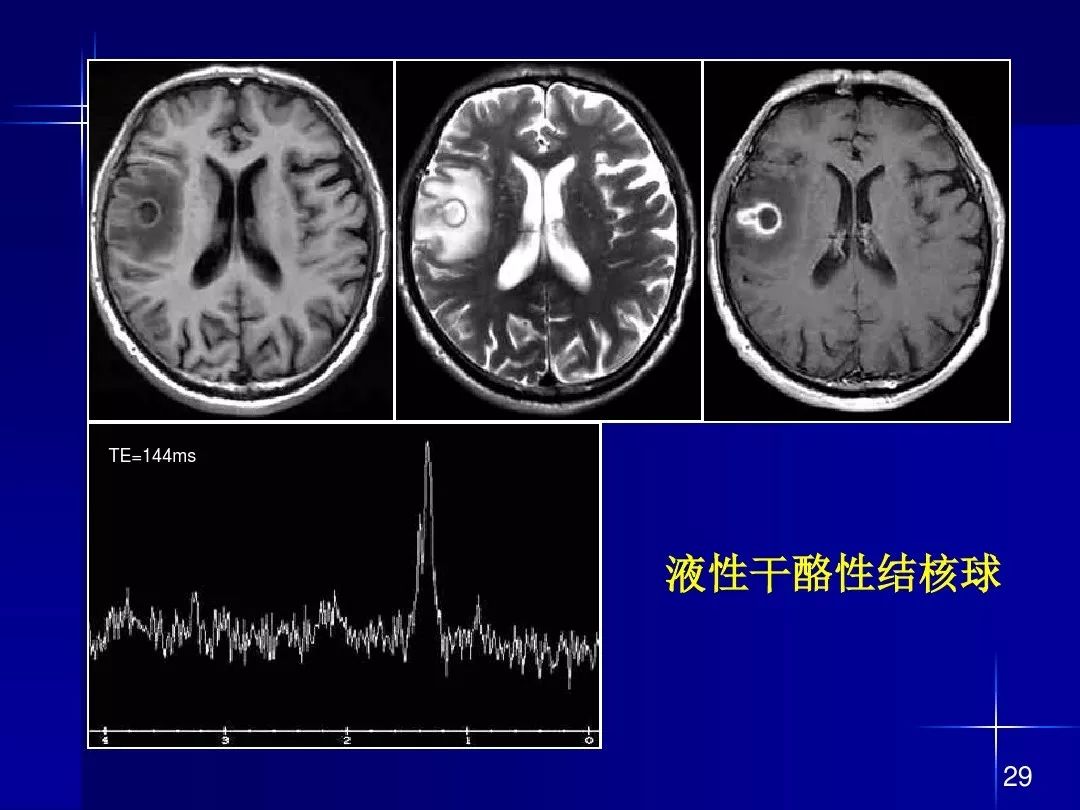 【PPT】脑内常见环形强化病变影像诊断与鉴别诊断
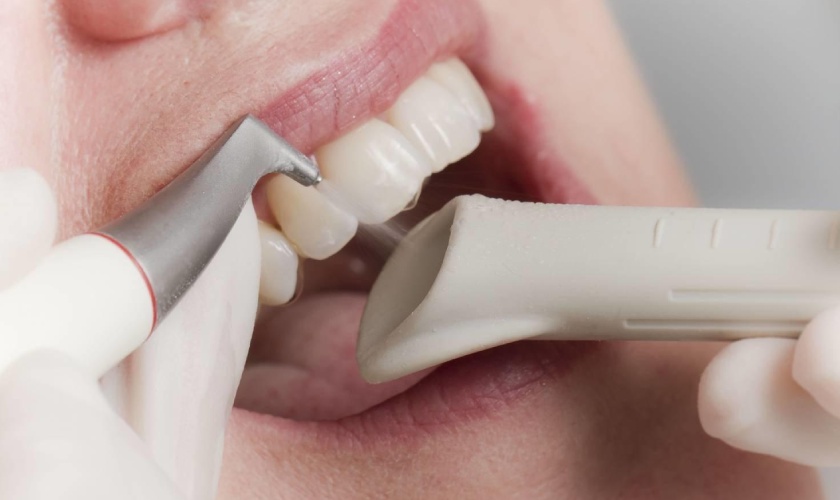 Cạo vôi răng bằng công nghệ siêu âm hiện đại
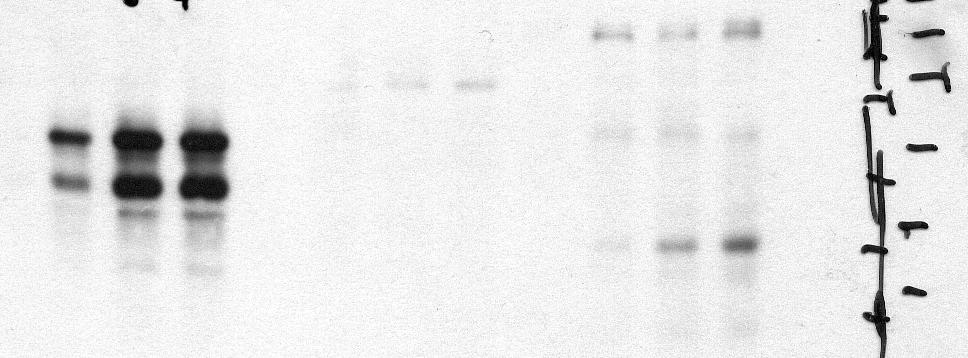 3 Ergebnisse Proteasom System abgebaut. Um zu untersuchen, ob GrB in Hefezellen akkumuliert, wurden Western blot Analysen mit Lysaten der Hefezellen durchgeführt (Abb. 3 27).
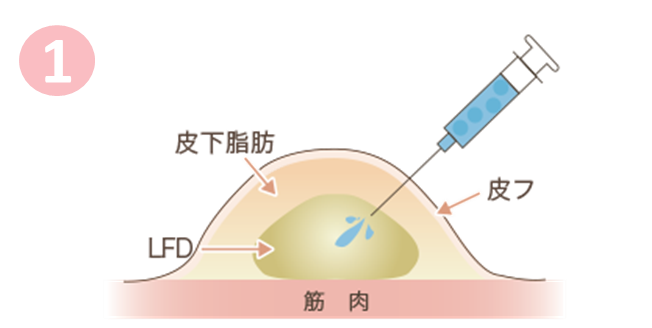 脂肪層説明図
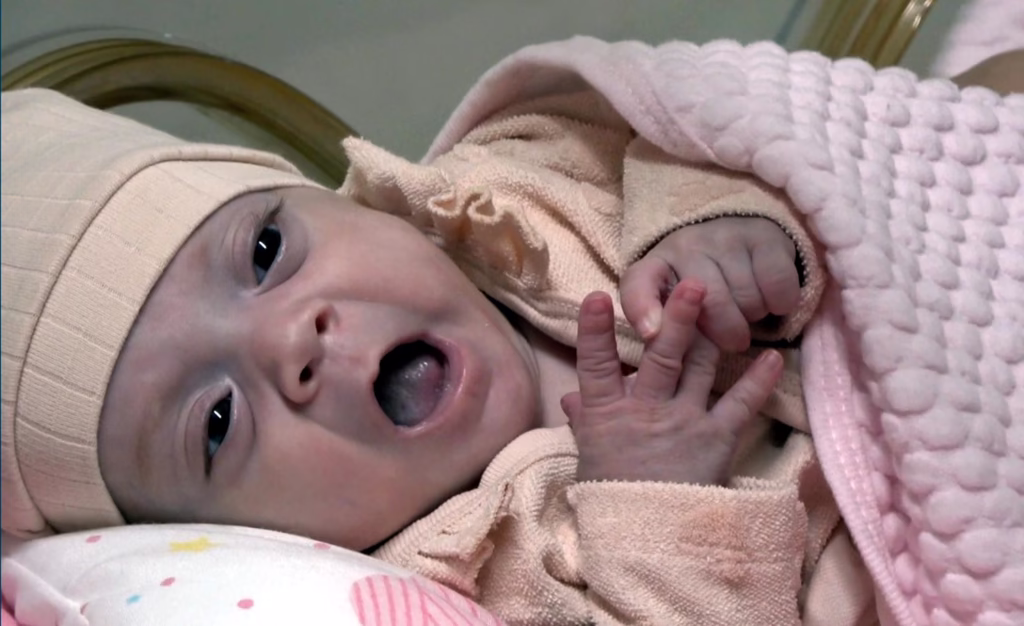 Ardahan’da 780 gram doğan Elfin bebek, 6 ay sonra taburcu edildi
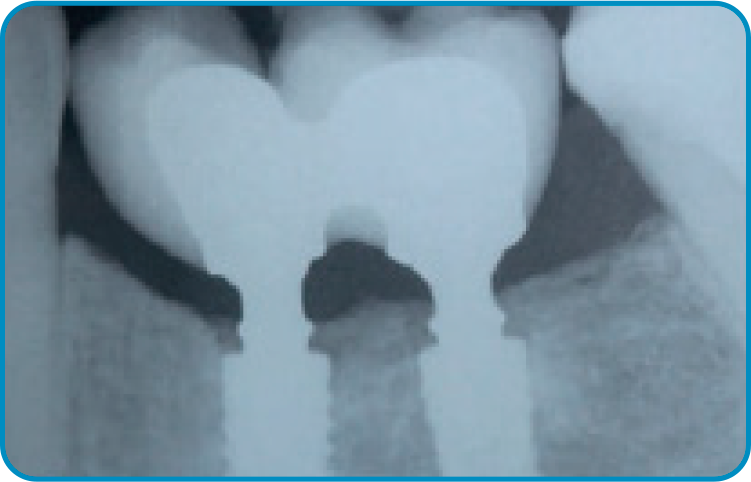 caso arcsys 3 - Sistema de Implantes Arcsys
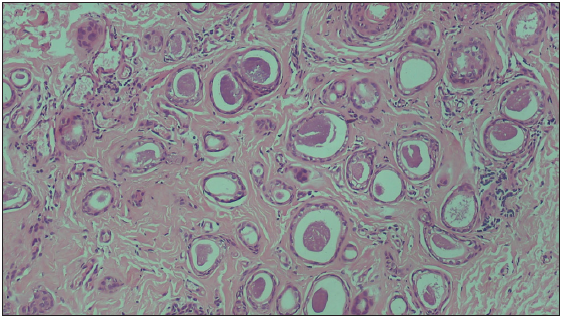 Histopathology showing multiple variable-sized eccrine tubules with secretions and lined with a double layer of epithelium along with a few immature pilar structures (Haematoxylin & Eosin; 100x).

*About this exercise*:
Return the listing above verbatim and exclude every picture.

*Answer area*:
 【PPT】脑内常见环形强化病变影像诊断与鉴别诊断
 Cạo vôi răng bằng công nghệ siêu âm hiện đại
 3 Ergebnisse Proteasom System abgebaut. Um zu untersuchen, ob GrB in Hefezellen akkumuliert, wurden Western blot Analysen mit Lysaten der Hefezellen durchgeführt (Abb. 3 27).
 脂肪層説明図
 Ardahan’da 780 gram doğan Elfin bebek, 6 ay sonra taburcu edildi
 caso arcsys 3 - Sistema de Implantes Arcsys
 Histopathology showing multiple variable-sized eccrine tubules with secretions and lined with a double layer of epithelium along with a few immature pilar structures (Haematoxylin & Eosin; 100x).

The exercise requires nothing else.